We like fish, we like beaches, we like little Italian towns. We don’t mind that the bus gets back at midnight. Let’s go!
But from the moment the trip began, things didn’t look like the idealistic advertisement. Lest anyone assume that life in Sicily is all blue skies and sweet wine, let this be a reality check!
It began with a screaming baby on a hot bus. I’d chosen the last row of the bus, assuming we’d have space to spread out and relax, but the last row sits over the bus engine and it was hot. And of course we were stressed about everyone else on the bus, too; no one appreciated Lena’s wails. For two hours we cajoled and cuddled, but Lena would have none of it. We were sweating and short tempered by the time we finally spilled off the bus onto the sandy sidewalks of Pozzallo.
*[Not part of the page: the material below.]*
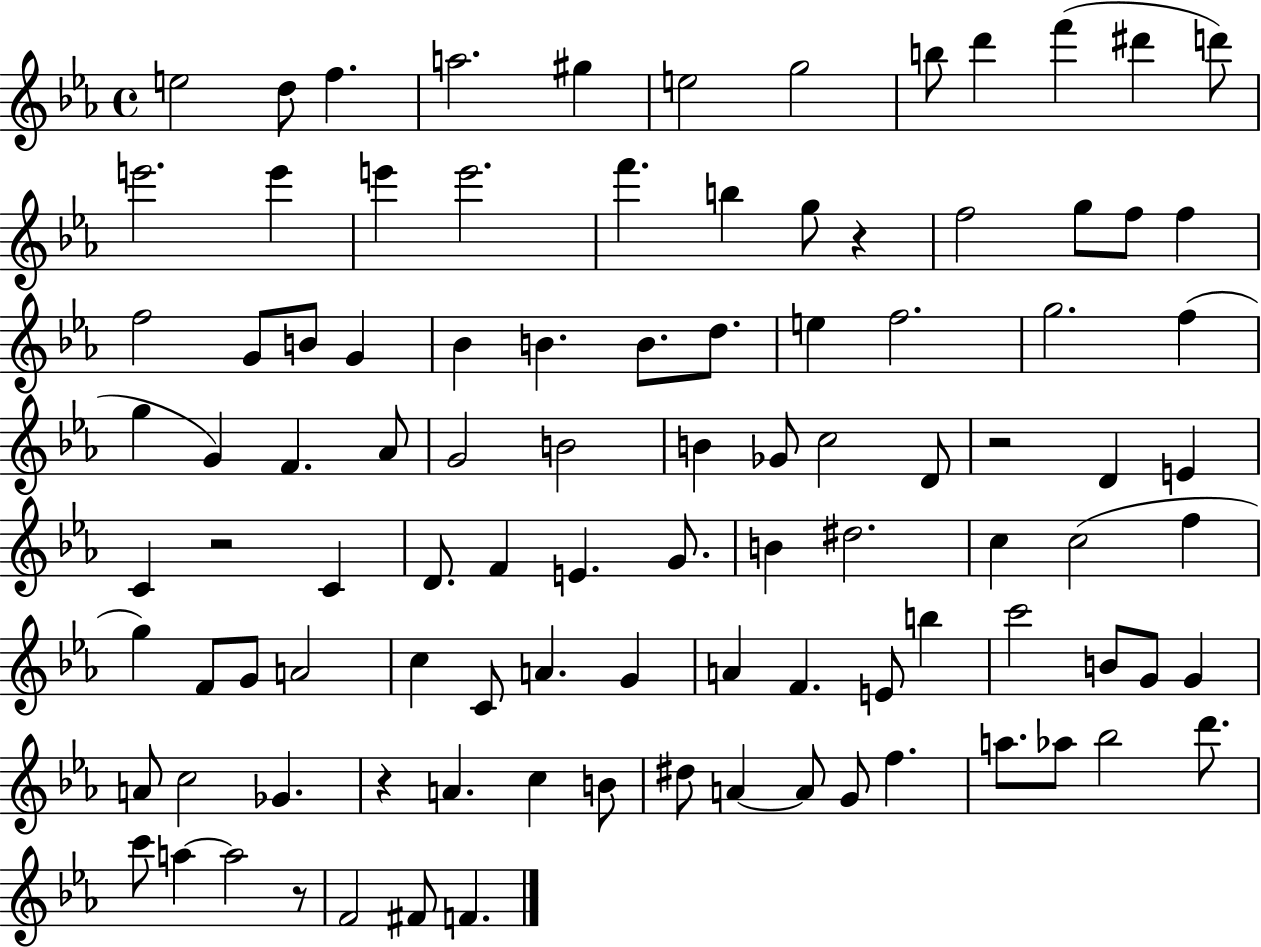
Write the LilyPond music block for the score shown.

I’m not sure what we expected of Pozzallo (pote-ZA-loh; those double Italian ‘zz’s are pronounced ‘tz’ like‘pizza’). I think our fantasies included dozens of little Italian men serving delectable fried fish on every street corner in a charming little town. Instead our “guide” waved lazily in the direction of a nearby beach and lazily up toward the town and then left us to our own devices. She’d never been to Pozzallo either and was looking forward to a quiet gelato without us. We were on our own.
The beach seemed like a good place to start. At least we could blow off a little steam in the cool water. But the beach we’d been deposited in front of was right by the port and the water was a murky brown. Plenty of seaweed, hard brown sand. We found a spot in the shade and tried in vain to get Lena to sleep. Eventually we gave up on that mission and dipped our toes in the water.
It was at this point that we admitted our frustrations to each other. The bus had put a damper—or a steamer?—on everything. We were left clueless by our guide. And we had a very exhausted daughter. Our baby’s tears were more stressful to her parents everything else combined. We could keep pouting for the next 5 hours until the bus left at 10pm or we could buck up and make the best of it.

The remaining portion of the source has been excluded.